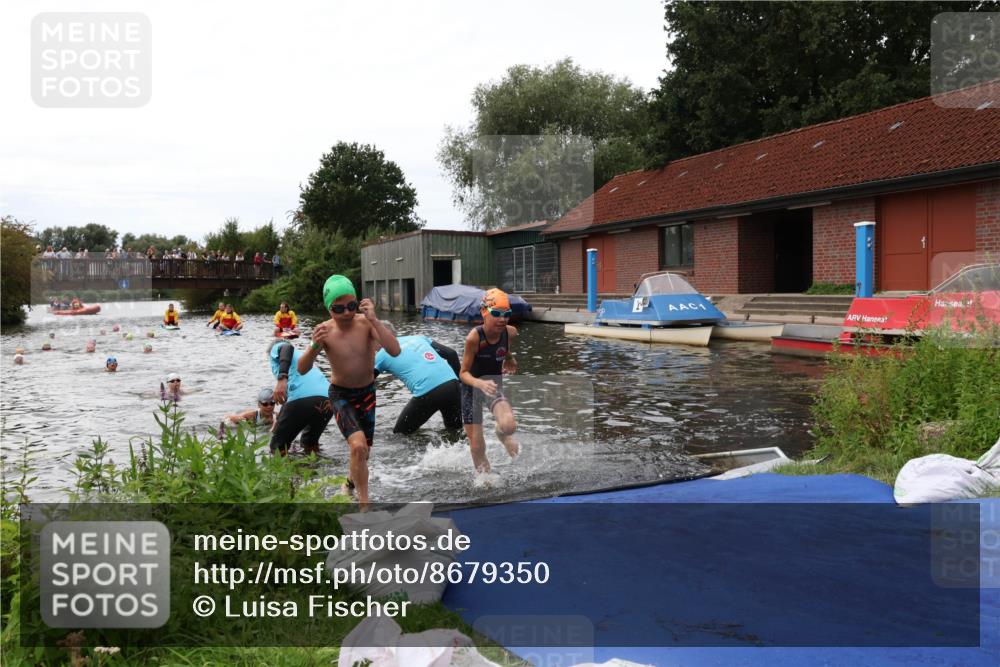 31.08.2025 - Elbe Triathlon Hamburg Luisa Fischer http://msf.ph/oto/8679350 31.08.2025 12:47:15 Schwimmen 1705, 1707, 1709, 1713, 1725 meine-sportfotos.de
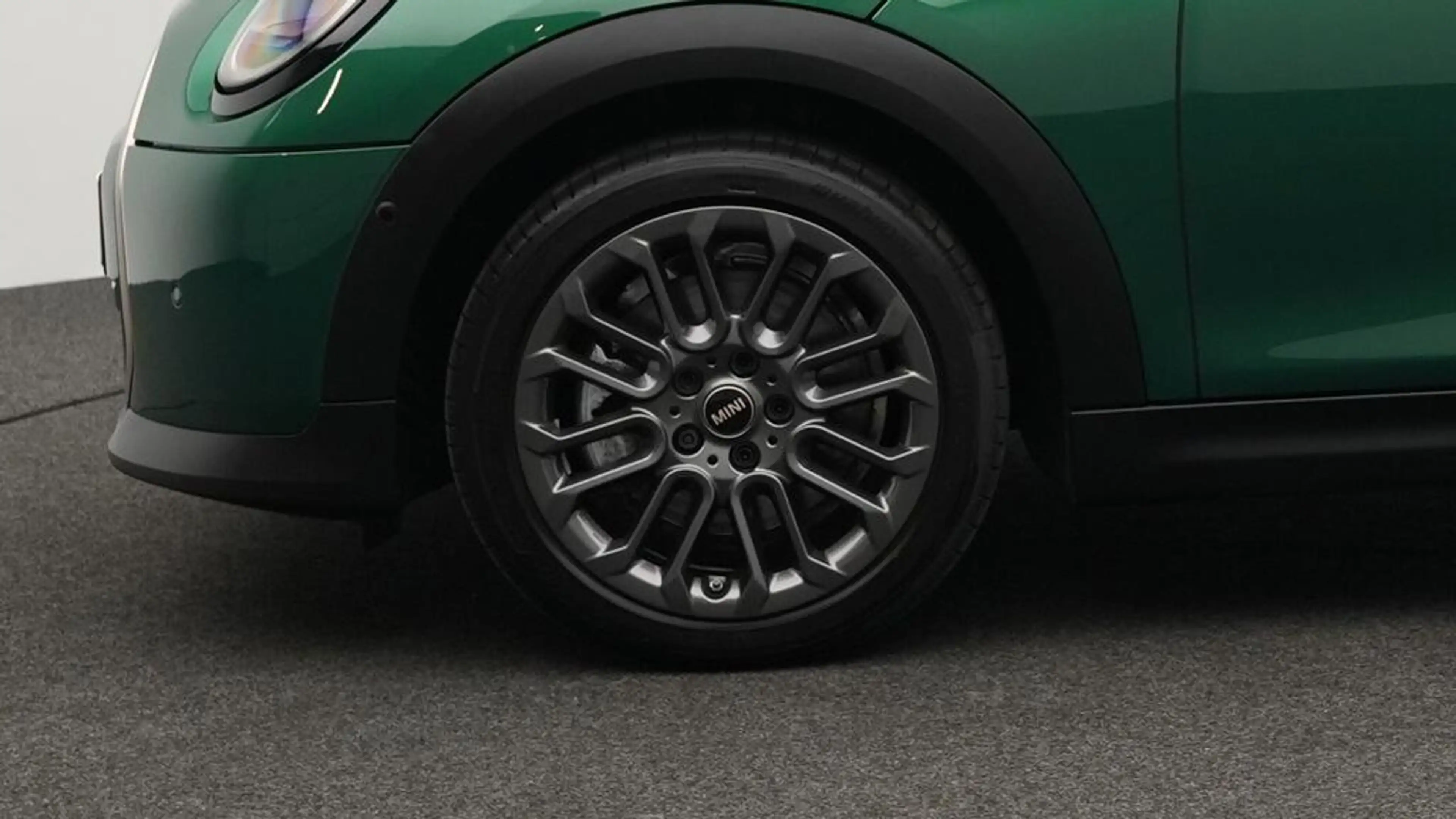 MINI Cooper C Favoured Trim — photo 9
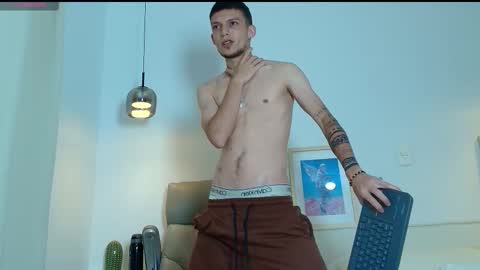 Snapshot of smitgrey chatting on October 2025 01:36:02 AM SMIT online show from October 2025 01:36:02 AM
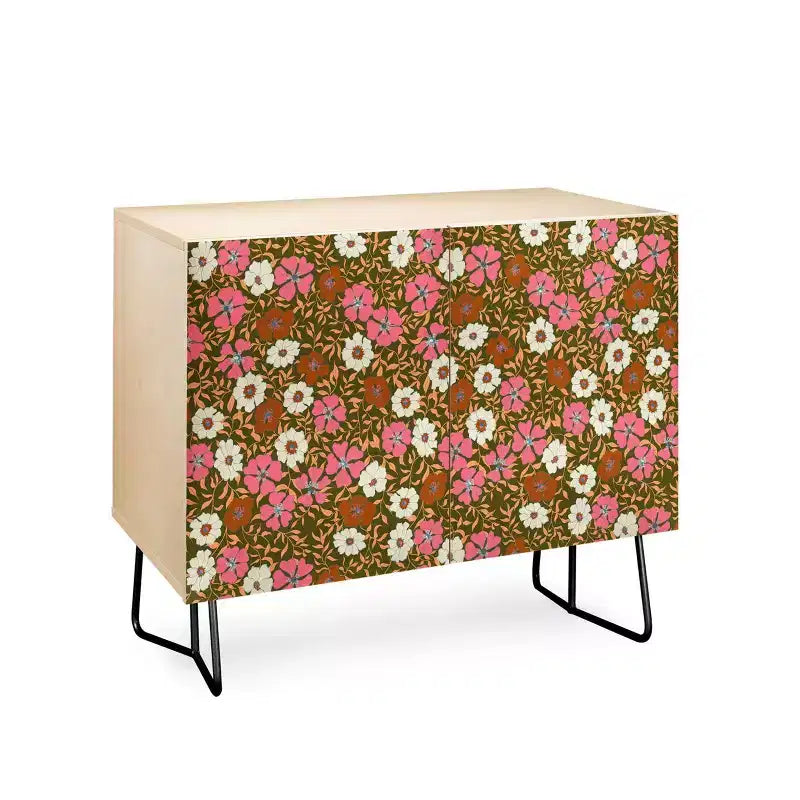 Credenza floreale Jirra color oliva di Schatzi Brown - Deny Designs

==============================

- **Aim of the exercise**:
Please copy the data shown above, line by line and exactly, omitting the images.

- **Expected answer**:
 31.08.2025 - Elbe Triathlon Hamburg Luisa Fischer http://msf.ph/oto/8679350 31.08.2025 12:47:15 Schwimmen 1705, 1707, 1709, 1713, 1725 meine-sportfotos.de
 MINI Cooper C Favoured Trim — photo 9
 Snapshot of smitgrey chatting on October 2025 01:36:02 AM SMIT online show from October 2025 01:36:02 AM
 Credenza floreale Jirra color oliva di Schatzi Brown - Deny Designs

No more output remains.